-- Data in this exercise --
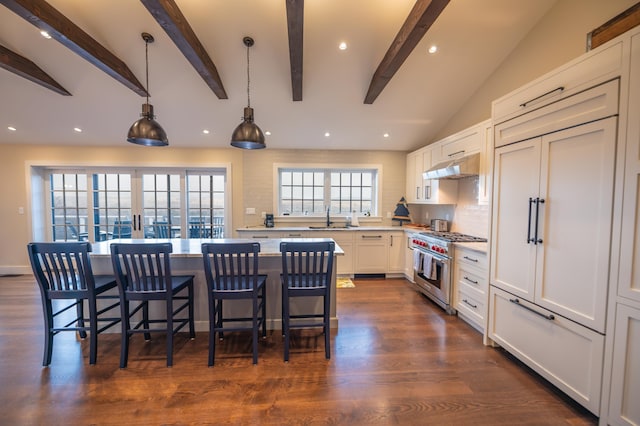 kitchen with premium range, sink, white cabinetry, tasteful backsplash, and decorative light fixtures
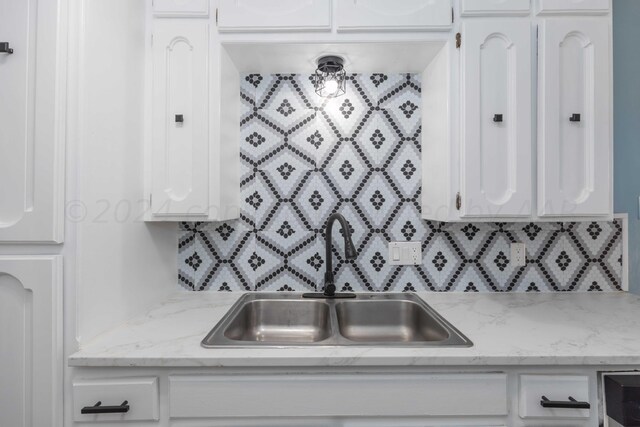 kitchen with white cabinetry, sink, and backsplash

* * *

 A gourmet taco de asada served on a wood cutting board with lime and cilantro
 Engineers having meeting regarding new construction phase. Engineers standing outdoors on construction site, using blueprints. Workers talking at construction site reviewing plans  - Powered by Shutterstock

--

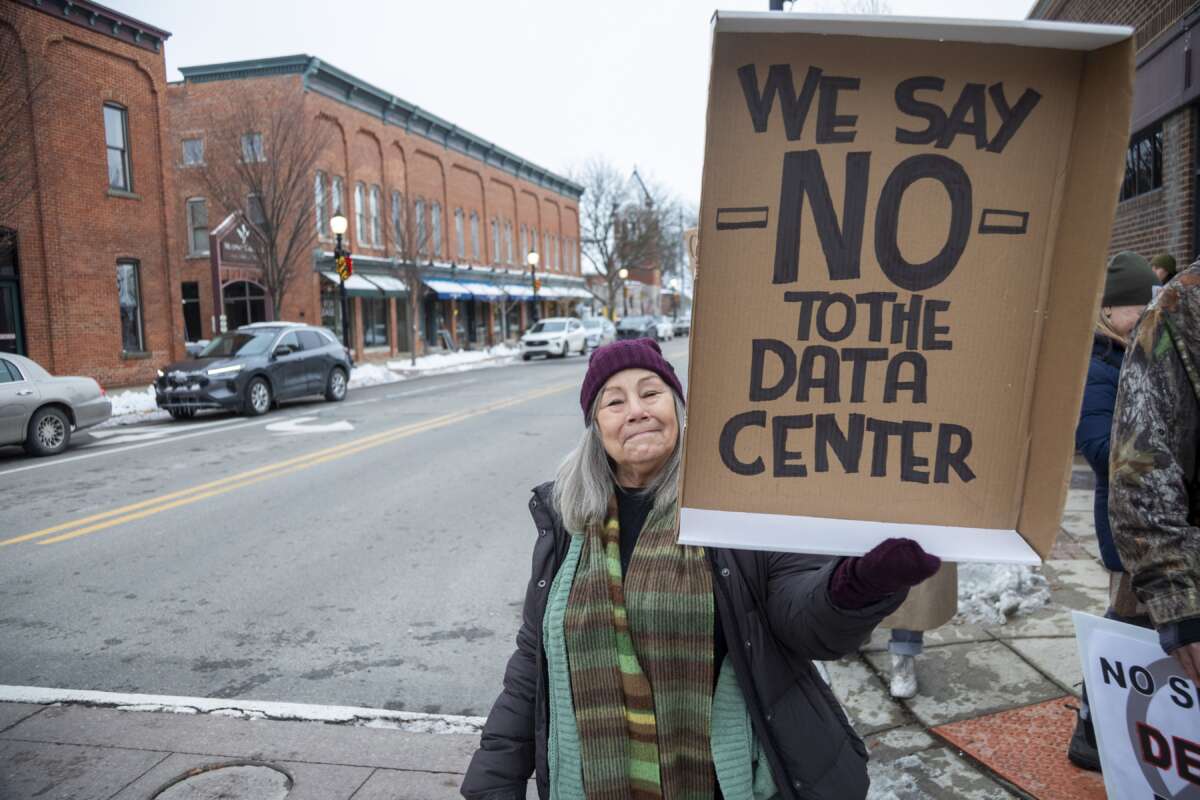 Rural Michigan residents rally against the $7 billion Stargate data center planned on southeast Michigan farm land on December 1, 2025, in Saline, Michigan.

-- Your assignment --
The line holding "kitchen with premium" starts the copy and the line holding "kitchen with white" ends it. Repeat those two lines above and all between them exactly, leaving out pictures.

-- Written response --
 kitchen with premium range, sink, white cabinetry, tasteful backsplash, and decorative light fixtures
 kitchen with white cabinetry, sink, and backsplash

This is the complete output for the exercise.